Top 10 Posthumous Albums of All Time

Top 10 Posthumous Albums of All Time
This winter saw the release of another high-profile posthumous album, as recently departed mega-star Amy Winehouse was honoured with the collection Lioness: Hidden Treasures. So now is as good a time as ever to take a look back on some of the greatest posthumous albums of all time.

The ten albums listed here aren't simply vaults-clearing B-sides collections or bottom-scraping compilations of material that never deserved to be released in the first place. Rather, these are the lost classics that, in some cases, hold up against the artists' best work.

So it's with an apology to Amy (whose Lioness didn't make the cut) that Exclaim! offers its Top 10 Posthumous Albums of All Time, listed in order according to quality and canonical importance.

Top 10 Posthumous Albums of All Time:

10. John Lennon & Yoko Ono - Milk and Honey
Artist death: November 8, 1980
Album release: January 27, 1984

Just three weeks before Lennon's death in 1980, the Beatles legend released Double Fantasy, a call-and-response collection of songs with his wife Yoko Ono. In early 1984, this sequel arrived. Once again featuring songs from both husband and wife, it contained some of Lennon's final recordings, plus some touched-up and newly recorded material from Yoko. The material isn't quite as stirring at Double Fantasy -- there's nothing on par with "(Just Like) Starting Over" or "Beautiful Boy" -- but everyone ought to hear the final work of arguably the greatest pop songwriter ever.

9. 2pac - The Don Killuminati: The 7 Day Theory
Artist death: September 13, 1996
Album release: November 5, 1996

The late rapper has been remembered with more posthumous releases than we care to count, but this very first one, recorded around a month before his 1996 murder and released less than two months after, is the one that left the most lasting impression. Even more significant than the music was the fact that this album helped to spawn endless conspiracy theories about Tupac Shakur's supposedly faked death thanks to its supposed hints that he would be reborn under the alias Makaveli.

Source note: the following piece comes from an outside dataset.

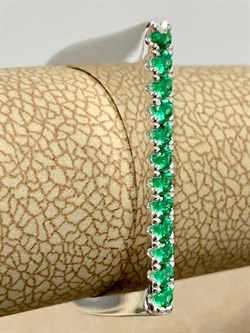 *Кольцо р.18 Зеленый Фианит арт. MP-R01313-X-W-X-X-Gg-425 вес 2,99 г - фото 269174 *Кольцо р.18 Зеленый Фианит арт. MP-R01313-X-W-X-X-Gg-425 вес 2,99 г - фото 269174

8. Elliott Smith - From a Basement on the Hill
Artist death: October 23, 2003
Album release: October 19, 2004

When the beloved sad-sack songwriter tragically died in 2003, he was partway done what was to be his sixth album. The sessions included over 30 songs and the album was reportedly slated to be a double-disc, but producer Rob Schnapf and Smith's former girlfriend Joanna Bolme were hired and whittled the tracklist down to 15. Okay, so this album -- released almost exactly a year after Smith's passing -- is a bit of a mess compared to masterpieces like Either/Or and XO, but stone cold stunners like "King's Cross" and "A Fond Farewell" make this a must-have.